Inference Logging¶

Database Schema¶

The database schema for the inference log should include tables for storing the following information:

Requests: Information about the inference requests, including the input data, model used, and timestamp.
Responses: Information about the inference responses, including the output data and timestamp.
Errors: Information about any errors that occurred during inference, including the error message and the response data.
Metadata: Additional metadata about the inference requests and responses.

In order to allow for a variety of data types and structures, the input and output data should be stored as JSON or JSONB fields. The data types from the standardized Open Inference Protocol v2 REST API specification can be used as a reference for the structure of the input and output data. Using a standardized data structure will make it easier to integrate the inference log with other components of the AI system, such as the model performance monitoring component.

erDiagram
    REQUESTS {
        TEXT id PK
        TIMESTAMPTZ timestamp
        JSONB parameters
        JSONB inputs
        JSONB outputs
        JSONB raw_request
    }

    RESPONSES {
        TEXT id PK, FK
        TEXT model_name
        TEXT model_version
        TIMESTAMPTZ timestamp
        JSONB parameters
        JSONB outputs
        JSONB raw_response
    }

    ERRORS {
        TEXT id PK, FK
        TEXT error
        JSONB response
    }

    METADATA {
        TEXT id PK, FK
        JSONB metadata
    }

    REQUESTS ||--|| RESPONSES : "has"
    REQUESTS ||--|| ERRORS : "has"
    REQUESTS ||--|| METADATA : "has"

Choose a database or storage solution that supports the required data structure and provides the necessary performance and scalability characteristics for the AI system's workload. Additionally, consider the data retention requirements of Art. 19 and the need for data protection and privacy (e.g., interactions with GDPR) when selecting a log storage solution.

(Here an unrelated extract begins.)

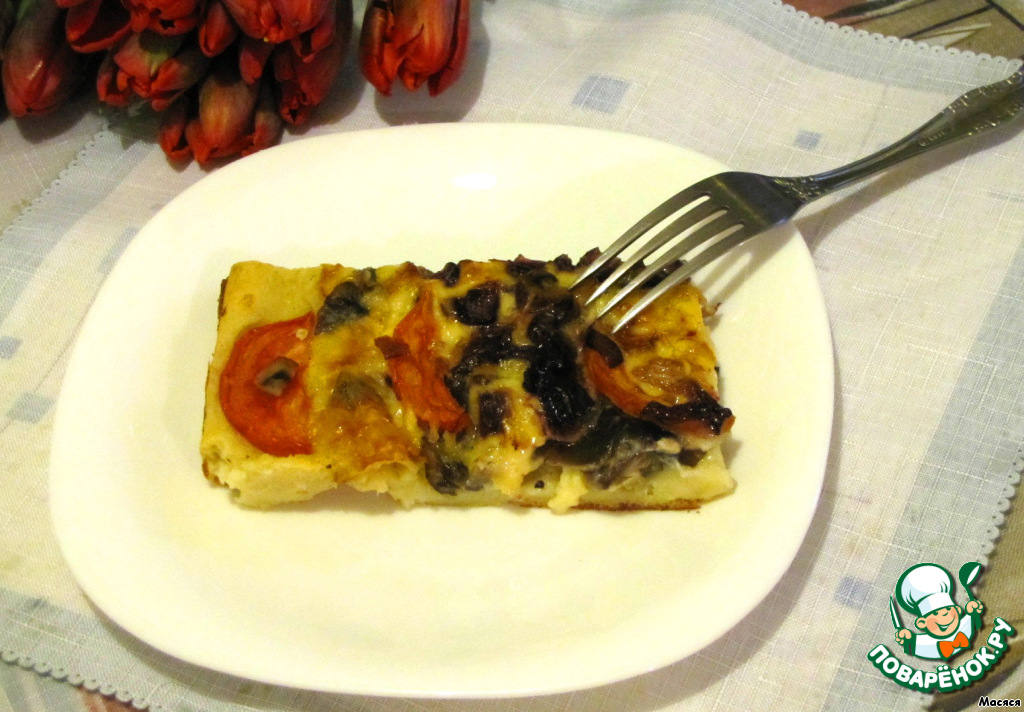 Pie with mushrooms and cheese on choux pastry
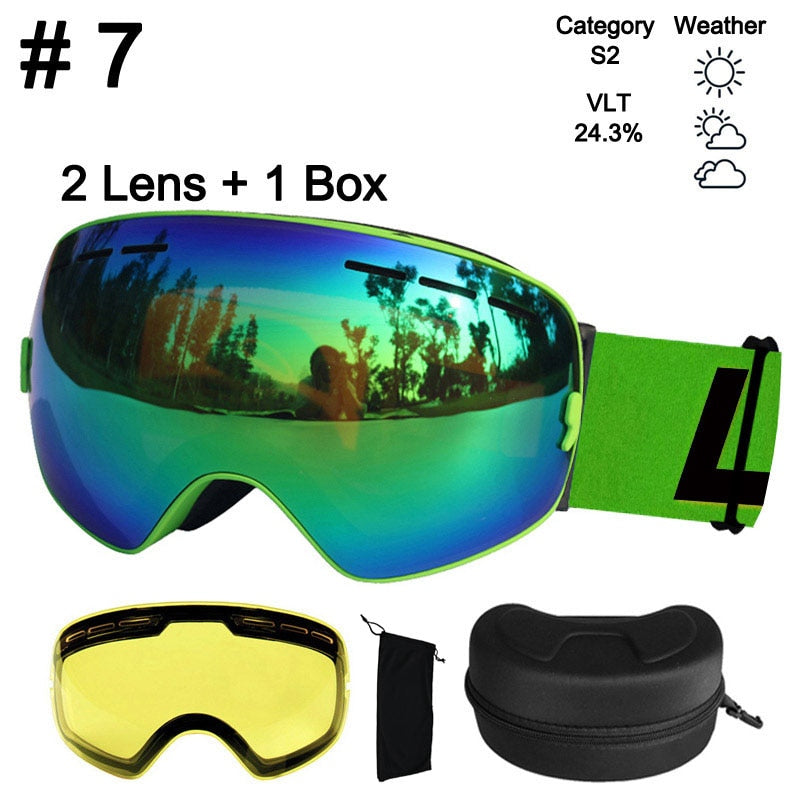 LOCLE Anti-fog Ski Goggles UV400 Ski Glasses Double Layers Skiing Snowboard - KiwisLove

FastAPI Application Middleware¶

In order to ensure that all inference requests are automatically logged, the inference log should be implemented as a middleware component in the AI system's application code.

The middleware should intercept all incoming inference requests, log the relevant data, and then pass the request on to the model (inference server) for processing.

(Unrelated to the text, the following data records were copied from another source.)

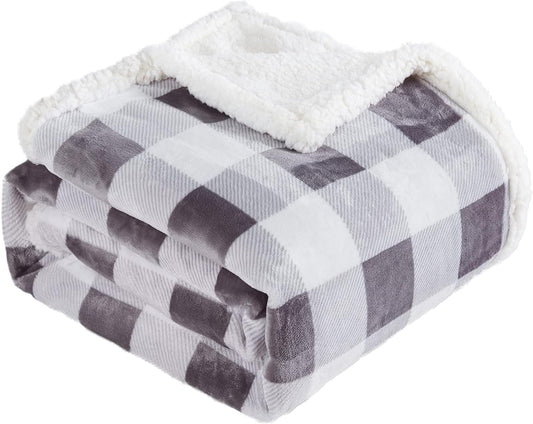 Touchat Sherpa Plaid Twin Blanket 60" X 70", Fuzzy Fluffy Soft Cozy Throw Blanket, Twin Size Plush Fleece Flannel Plush Microfiber Blanket for Couch Bed Sofa (Grey)
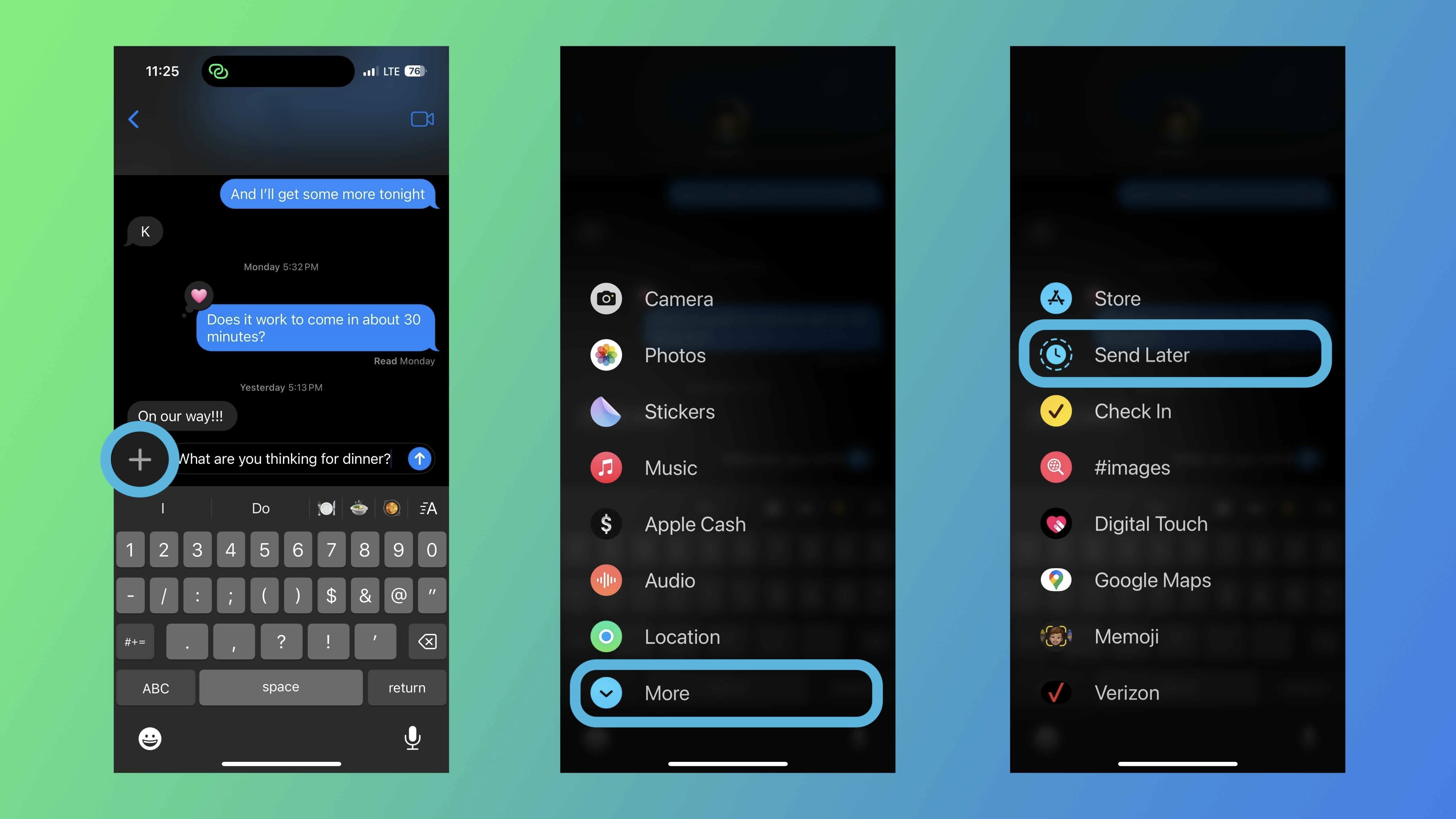 schedule messages send later iOS 18 how to 1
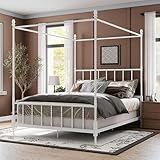 Furniture of America Vaeli Modern Metal Queen Size Four Poster Bed Frame with Spindles, Canopy Bedframe for Bedroom, Guest Room, Box Spring Required, White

When using the FastAPI, the inference log can be injected as a dependency into the application's route handlers or other dependencies. By further encapsulating the interface to the model itself in another dependency, the inference log can be easily integrated into the application's request handling pipeline.

flowchart TD
    A[Route Handler] --> B[Model Inference Dependency] --> C[Inference Log Dependency]